The task:
Repeat exactly what appears from the opening line of the listing to the line with "Generic image of", inclusive.

Material provided:
• • • •
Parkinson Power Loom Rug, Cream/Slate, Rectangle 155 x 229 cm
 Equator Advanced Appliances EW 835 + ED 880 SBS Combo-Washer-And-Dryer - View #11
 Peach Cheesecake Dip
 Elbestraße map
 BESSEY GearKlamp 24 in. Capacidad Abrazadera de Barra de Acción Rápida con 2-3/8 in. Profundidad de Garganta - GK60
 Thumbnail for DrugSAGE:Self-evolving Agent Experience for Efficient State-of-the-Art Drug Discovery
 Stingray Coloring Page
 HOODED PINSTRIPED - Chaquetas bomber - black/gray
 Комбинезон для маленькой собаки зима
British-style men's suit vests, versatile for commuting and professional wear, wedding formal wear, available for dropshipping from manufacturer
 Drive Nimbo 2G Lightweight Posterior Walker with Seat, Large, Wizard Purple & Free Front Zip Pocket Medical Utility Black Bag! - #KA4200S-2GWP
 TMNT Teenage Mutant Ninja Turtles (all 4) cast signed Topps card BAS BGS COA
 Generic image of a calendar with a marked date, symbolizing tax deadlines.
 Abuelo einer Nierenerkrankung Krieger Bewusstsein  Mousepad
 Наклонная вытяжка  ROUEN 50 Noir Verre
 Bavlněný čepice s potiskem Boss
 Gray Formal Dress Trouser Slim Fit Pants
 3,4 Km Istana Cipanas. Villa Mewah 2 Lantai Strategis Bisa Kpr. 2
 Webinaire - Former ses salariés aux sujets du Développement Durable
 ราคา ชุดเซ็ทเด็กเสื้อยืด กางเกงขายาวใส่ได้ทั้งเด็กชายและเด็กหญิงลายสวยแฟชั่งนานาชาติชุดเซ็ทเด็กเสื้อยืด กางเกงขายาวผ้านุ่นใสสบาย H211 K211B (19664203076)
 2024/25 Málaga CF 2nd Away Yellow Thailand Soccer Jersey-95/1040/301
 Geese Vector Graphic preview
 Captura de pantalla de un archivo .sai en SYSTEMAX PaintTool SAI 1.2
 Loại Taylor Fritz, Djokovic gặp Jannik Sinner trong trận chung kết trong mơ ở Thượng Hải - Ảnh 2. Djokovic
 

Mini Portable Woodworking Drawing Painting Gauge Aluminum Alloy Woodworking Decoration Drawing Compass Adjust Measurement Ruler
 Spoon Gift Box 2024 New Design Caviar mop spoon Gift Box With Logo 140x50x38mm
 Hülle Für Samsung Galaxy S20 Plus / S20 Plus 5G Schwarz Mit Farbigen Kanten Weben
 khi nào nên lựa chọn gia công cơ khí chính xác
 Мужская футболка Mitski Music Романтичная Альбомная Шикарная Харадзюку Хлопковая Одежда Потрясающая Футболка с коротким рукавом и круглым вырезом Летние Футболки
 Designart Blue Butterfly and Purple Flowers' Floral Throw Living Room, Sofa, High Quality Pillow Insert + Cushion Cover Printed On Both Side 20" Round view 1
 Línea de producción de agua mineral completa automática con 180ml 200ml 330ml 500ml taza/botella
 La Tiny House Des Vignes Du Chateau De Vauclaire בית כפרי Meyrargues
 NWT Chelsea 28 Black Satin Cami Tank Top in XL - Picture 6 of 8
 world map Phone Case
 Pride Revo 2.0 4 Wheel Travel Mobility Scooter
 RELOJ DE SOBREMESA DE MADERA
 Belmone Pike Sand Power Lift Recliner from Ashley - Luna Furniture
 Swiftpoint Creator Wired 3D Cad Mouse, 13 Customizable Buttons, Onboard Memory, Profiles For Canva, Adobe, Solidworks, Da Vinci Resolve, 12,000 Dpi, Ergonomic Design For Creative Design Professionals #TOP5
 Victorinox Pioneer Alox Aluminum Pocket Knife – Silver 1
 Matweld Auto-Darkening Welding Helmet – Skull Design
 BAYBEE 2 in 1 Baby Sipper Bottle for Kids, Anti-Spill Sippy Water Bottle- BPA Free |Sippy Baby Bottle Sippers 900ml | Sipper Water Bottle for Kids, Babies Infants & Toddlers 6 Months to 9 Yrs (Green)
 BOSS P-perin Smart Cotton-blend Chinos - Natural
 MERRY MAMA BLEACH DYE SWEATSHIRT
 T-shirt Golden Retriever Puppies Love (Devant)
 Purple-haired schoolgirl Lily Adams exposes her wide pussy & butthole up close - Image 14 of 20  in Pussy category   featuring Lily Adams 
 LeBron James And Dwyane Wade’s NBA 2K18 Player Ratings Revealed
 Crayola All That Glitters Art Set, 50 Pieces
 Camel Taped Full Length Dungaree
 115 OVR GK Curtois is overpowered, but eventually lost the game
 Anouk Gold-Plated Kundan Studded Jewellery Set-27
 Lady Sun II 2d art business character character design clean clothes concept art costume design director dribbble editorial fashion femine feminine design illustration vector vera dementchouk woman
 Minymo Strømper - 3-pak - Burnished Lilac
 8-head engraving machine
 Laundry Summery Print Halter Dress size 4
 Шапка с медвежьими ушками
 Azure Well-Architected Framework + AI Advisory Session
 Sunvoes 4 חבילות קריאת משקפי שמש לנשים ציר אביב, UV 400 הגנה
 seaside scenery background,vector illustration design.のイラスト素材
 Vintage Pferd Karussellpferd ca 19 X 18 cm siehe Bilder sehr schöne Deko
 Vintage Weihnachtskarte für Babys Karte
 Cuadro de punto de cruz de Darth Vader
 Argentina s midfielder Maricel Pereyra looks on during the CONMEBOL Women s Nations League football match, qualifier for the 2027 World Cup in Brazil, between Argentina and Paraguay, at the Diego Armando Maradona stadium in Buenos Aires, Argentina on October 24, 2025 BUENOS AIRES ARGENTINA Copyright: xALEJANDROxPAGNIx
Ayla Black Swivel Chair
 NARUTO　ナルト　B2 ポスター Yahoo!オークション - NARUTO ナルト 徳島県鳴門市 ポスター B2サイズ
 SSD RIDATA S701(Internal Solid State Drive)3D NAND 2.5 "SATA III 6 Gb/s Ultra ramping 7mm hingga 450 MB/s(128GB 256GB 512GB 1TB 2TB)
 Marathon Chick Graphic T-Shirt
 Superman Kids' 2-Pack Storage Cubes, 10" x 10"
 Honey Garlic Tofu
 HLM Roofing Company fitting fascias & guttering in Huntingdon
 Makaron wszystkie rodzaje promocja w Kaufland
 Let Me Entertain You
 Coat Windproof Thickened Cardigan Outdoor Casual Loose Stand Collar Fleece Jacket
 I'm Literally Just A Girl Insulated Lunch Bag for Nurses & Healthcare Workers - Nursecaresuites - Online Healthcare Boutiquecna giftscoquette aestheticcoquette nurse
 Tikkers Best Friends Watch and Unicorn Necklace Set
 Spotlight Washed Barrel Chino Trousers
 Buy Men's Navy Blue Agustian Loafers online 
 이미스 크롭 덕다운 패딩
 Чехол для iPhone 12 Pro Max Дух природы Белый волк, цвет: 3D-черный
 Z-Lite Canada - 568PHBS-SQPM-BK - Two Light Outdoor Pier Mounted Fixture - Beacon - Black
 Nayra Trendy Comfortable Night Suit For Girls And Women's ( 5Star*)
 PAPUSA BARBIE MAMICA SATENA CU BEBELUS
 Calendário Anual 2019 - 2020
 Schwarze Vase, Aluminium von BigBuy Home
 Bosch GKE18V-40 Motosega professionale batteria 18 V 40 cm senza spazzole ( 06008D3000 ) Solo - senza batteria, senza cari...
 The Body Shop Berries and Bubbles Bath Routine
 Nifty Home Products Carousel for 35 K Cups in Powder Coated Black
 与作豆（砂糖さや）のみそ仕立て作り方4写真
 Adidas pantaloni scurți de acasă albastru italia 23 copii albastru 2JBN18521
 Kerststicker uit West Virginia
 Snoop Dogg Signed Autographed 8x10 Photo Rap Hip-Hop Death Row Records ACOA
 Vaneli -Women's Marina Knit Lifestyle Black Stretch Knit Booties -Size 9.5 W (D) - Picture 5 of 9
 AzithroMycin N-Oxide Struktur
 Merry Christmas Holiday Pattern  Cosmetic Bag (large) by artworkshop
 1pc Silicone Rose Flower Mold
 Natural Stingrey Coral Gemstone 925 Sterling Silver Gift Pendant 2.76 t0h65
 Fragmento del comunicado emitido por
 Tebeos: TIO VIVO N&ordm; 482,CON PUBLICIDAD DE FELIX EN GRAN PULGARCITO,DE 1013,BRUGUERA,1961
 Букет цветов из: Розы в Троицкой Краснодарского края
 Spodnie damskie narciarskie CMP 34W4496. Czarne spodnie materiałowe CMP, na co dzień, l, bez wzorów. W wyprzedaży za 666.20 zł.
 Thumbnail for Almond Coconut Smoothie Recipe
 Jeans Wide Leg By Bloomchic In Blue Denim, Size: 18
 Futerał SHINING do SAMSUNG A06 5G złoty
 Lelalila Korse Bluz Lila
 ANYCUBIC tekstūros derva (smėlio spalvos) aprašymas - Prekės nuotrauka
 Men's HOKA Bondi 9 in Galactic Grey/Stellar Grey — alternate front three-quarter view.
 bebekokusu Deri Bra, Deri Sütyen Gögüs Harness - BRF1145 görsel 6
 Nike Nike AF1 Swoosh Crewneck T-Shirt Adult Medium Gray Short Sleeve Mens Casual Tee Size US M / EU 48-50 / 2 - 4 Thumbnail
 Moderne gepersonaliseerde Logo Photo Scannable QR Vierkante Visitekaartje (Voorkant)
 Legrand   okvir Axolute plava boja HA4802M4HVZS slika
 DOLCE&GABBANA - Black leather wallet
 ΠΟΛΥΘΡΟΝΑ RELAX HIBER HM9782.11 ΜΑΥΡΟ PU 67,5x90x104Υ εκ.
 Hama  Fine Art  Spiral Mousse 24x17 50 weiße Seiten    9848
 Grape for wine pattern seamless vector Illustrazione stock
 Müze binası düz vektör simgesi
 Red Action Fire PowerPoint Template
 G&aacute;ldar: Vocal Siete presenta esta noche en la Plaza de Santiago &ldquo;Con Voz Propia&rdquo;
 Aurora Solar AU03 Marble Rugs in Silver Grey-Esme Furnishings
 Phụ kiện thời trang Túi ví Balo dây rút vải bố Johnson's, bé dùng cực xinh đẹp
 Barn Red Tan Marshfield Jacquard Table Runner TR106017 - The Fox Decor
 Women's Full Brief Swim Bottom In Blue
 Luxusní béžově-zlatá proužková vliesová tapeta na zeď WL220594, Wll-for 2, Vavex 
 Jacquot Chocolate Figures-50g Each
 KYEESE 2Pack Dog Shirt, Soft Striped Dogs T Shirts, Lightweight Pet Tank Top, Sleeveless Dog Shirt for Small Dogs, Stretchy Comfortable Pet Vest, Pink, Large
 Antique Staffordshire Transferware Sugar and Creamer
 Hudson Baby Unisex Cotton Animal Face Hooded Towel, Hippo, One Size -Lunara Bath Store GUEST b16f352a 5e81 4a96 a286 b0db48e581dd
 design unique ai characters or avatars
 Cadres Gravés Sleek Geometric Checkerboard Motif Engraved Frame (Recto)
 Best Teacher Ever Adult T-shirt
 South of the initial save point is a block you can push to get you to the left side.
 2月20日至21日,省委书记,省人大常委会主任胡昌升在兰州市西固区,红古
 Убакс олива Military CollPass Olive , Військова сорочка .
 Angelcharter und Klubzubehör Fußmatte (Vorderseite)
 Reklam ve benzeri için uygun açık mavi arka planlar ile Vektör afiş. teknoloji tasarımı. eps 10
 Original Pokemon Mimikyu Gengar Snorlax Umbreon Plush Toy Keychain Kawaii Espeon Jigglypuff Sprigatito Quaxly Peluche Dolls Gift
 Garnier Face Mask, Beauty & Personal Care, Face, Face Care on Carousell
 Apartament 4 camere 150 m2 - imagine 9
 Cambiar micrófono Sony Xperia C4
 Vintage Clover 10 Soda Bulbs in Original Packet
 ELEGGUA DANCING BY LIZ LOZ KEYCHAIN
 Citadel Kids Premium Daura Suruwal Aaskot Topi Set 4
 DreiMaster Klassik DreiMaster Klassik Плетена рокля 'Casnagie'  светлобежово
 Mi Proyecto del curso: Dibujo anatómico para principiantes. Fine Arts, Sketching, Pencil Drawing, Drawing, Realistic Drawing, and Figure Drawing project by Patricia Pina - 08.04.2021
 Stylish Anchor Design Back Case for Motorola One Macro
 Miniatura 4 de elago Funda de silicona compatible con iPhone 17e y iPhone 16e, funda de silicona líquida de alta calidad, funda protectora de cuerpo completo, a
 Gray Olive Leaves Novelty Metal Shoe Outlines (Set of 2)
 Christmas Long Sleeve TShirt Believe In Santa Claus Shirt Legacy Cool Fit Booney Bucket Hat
• • • •
Task output:
Parkinson Power Loom Rug, Cream/Slate, Rectangle 155 x 229 cm
 Equator Advanced Appliances EW 835 + ED 880 SBS Combo-Washer-And-Dryer - View #11
 Peach Cheesecake Dip
 Elbestraße map
 BESSEY GearKlamp 24 in. Capacidad Abrazadera de Barra de Acción Rápida con 2-3/8 in. Profundidad de Garganta - GK60
 Thumbnail for DrugSAGE:Self-evolving Agent Experience for Efficient State-of-the-Art Drug Discovery
 Stingray Coloring Page
 HOODED PINSTRIPED - Chaquetas bomber - black/gray
 Комбинезон для маленькой собаки зима
British-style men's suit vests, versatile for commuting and professional wear, wedding formal wear, available for dropshipping from manufacturer
 Drive Nimbo 2G Lightweight Posterior Walker with Seat, Large, Wizard Purple & Free Front Zip Pocket Medical Utility Black Bag! - #KA4200S-2GWP
 TMNT Teenage Mutant Ninja Turtles (all 4) cast signed Topps card BAS BGS COA
 Generic image of a calendar with a marked date, symbolizing tax deadlines.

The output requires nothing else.